Is there an adapter / converter that will allow me to go from speaker wire connections to a headphone jack? I have Sennheiser headphones.[/I][/I][/B]

Although I am a good builder, I am not a designer, and certainly not in the class of those who participate here. Any suggestions / solutions will be greatly appreciated. If anyone has a solution they market, I'l like to know that as well.

Thanks,
 
If you google 'Speaker output to headphone adapter' you will come up with a bunch of suggestions.
Probably the best/simplest (you can eliminate the switch if you have speaker 'B' connection available on your amp) is Rod Elliott's: Headphone adapter.

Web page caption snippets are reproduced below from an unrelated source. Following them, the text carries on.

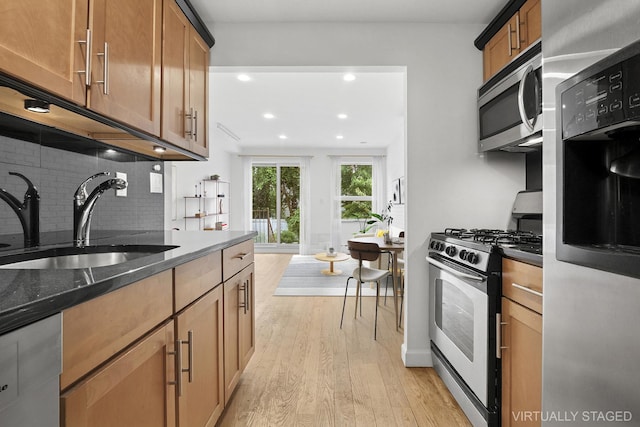 142 Skillman Ave Unit 2B, New York City, NY 11211 - kitchen with stainless steel appliances, a sink, recessed lighting, light wood-type flooring, and decorative backsplash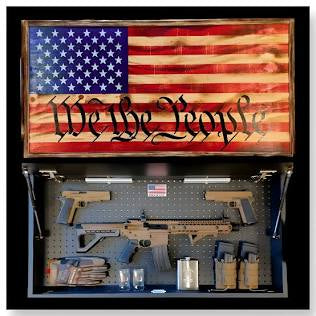 Display case with American flag and 'We The People' text, containing firearms and ammunition.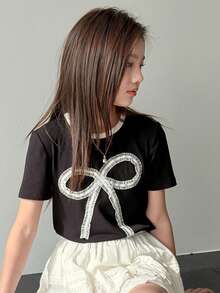 DAZY Camiseta de manga corta con cuello redondo, lazo decorativo y tejido para niñas preadolescentes, otoño - Negro - Ver 3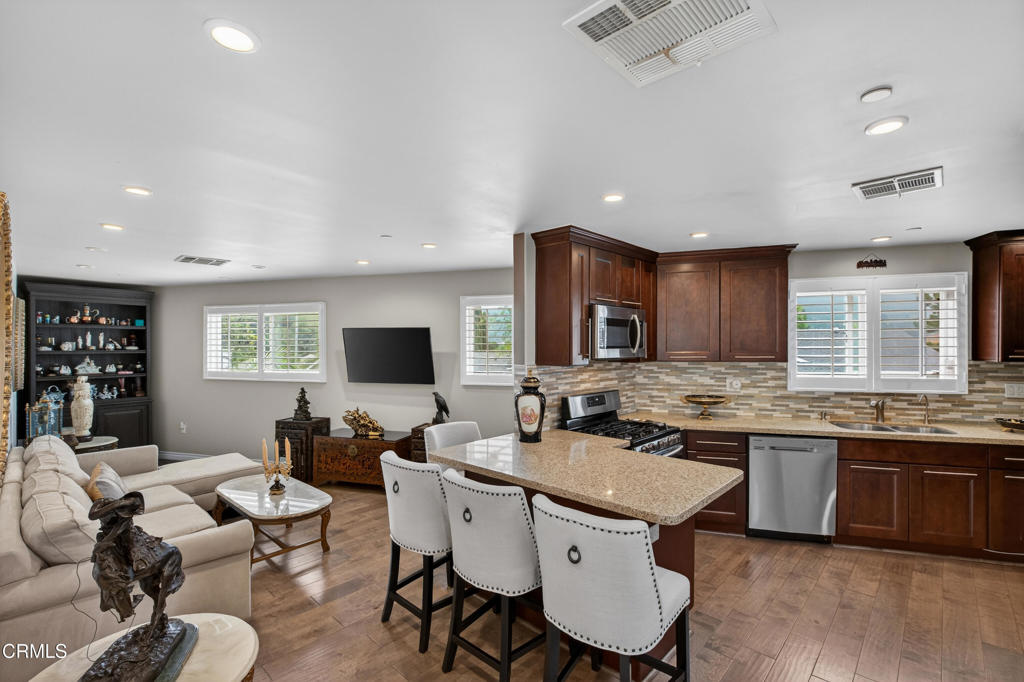 9325 La Shell Drive Tujunga, CA 91042 - Photo 33 of 46 a kitchen with a dining table and chairs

There is also a pic from Grado floating around the web which shows a simple resistor voltage divider built on a dual banana plug.
 
First you have to be sure the black speaker terminal is connected to a common ground and not something else. An ohm meter should be able to test for this the reading between any two black jacks should always be 0 or very close to it. Try this first with the power off then with it on.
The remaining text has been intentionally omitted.